Contact hours | Lectures: 39, Tutorials: 12 | ||

Approved for delivery from | AY 2022/23 semester 2 | ||

Last revised | 3 Jan 2023, 17:42 |

This is a first introduction to topology and calculus on manifolds. The tools introduced in this course are the natural framework for the generalization of the ideas that you learnt in Calculus I, II, and III to infinite-dimensional and non-Euclidean spaces. These methods open the door to other fields in mathematics like algebraic topology, functional analysis, differential/Riemannian/symplectic/Poisson geometry, or Lie theory, to name a few.
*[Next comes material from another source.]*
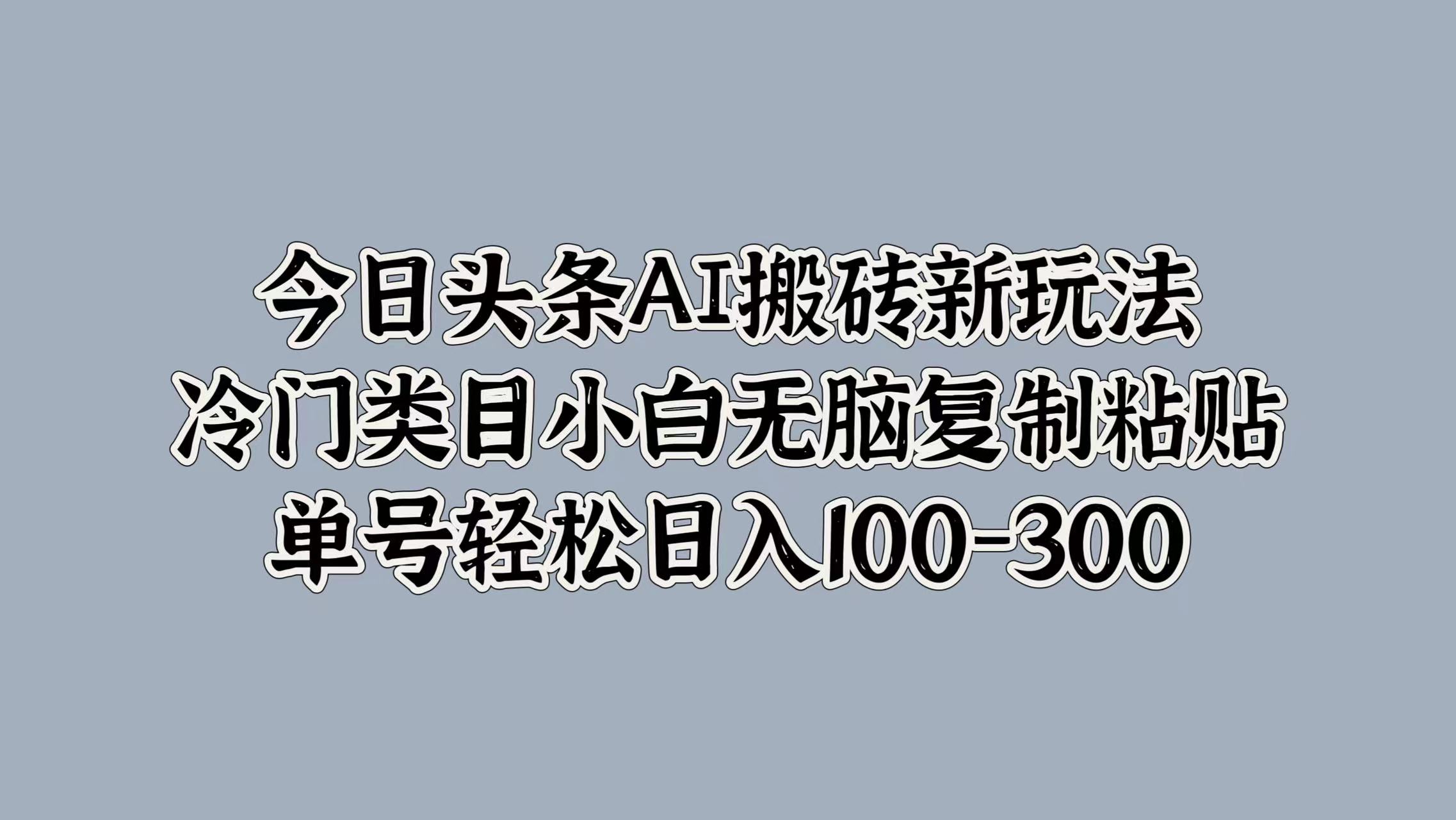 今日头条AI搬砖新玩法，冷门类目小白无脑复制粘贴，单号轻松日入100-300-逍遥游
They also have strong ties with important applications in the physical sciences and engineering like dynamical systems, mechanics, symmetry analysis, or control theory.
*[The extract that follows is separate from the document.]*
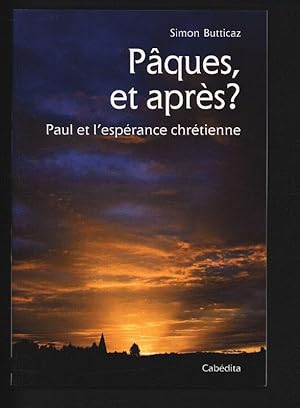 Immagine del venditore per Paques, et Apres ? Paul et l'Esperance Chretienne. venduto da Antiquariat Bookfarm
The aim of this course is to enable you to formulate and solve mathematical problems using the ideas and the formalism coming from topology and global analysis.

Upon successfully completing this course, you should be able to:

- Understand the basics of point-set topology and to interpret important notions like convergence and continuity in topological terms.
- Handle topological notions like connectedness, compactness.
- Understand applications of topology to approximation and fixed-point theory.
- Formulate non-Euclidean spaces as manifolds.
- Handle differentiability problems in globally defined spaces as well as expressing dynamical systems as vector fields

Topological spaces. Basis of a topology. Subspace, product, box, and quotient topologies. Continuous functions. Homeomorphisms, embeddings. Metric topologies. Topologies induced by norms and inner products. Function spaces and uniform convergence. Connectedness and compactness. The Intermediate Value Theorem, the Extreme Value Theorem, Heine-Borel-Lebesgue, the Uniform Continuity Theorem. Countability and separation axioms. The Urysohn lemma and the Metrization Theorem. Approximation. The Stone-Weierstrass Theorems. Fixed Point Theorems and applications. Manifolds. Charts and atlas. Atlas equivalence and manifold topologies. Examples. Submanifolds, products, and mappings. The tangent and the cotangent bundle. Subimmersions, immersions, and transversality. Vector fields, flows, and dynamical systems. The Lie derivative. Vector fields as differential operators.

Component | Course ILOs tested | SPMS-MAS Graduate Attributes tested | Weighting | Team / Individual | Assessment Rubrics |
---|---|---|---|---|---|

Continuous Assessment | |||||

Tutorials | |||||

Assignment | 1, 2, 3 | 1. b, c3. a | 20 | individual | See Appendix for rubric |

Presentation | 1, 2, 3, 4, 5 | 1. b, c3. a | 10 | individual | See Appendix for rubric |

Project 1 | 1, 2, 3, 4, 5 | 1. b, c3. a | 10 | individual | See Appendix for rubric |

Examination (2 hours) | |||||

Short Answer Questions | 1, 2, 3, 4, 5 | 1. b, c3. a | 60 | individual | See Appendix for rubric |

Total | 100% |

These are the relevant SPMS-MAS Graduate Attributes.

## 1. Competence

b. Formulate mathematical statements precisely using rigorous mathematical language

c. Discover patterns by abstraction from examples

## 3. Communication

a. Present mathematics ideas logically and coherently at the appropriate level for the intended audience

There is a formal formative feedback designed as follows: 20% of the course assessment is for presenting homework as well as the results of a reading/research project at the end of the course. Students will get informal but individual feedback from the peers and from the course instructor for each of these presentations.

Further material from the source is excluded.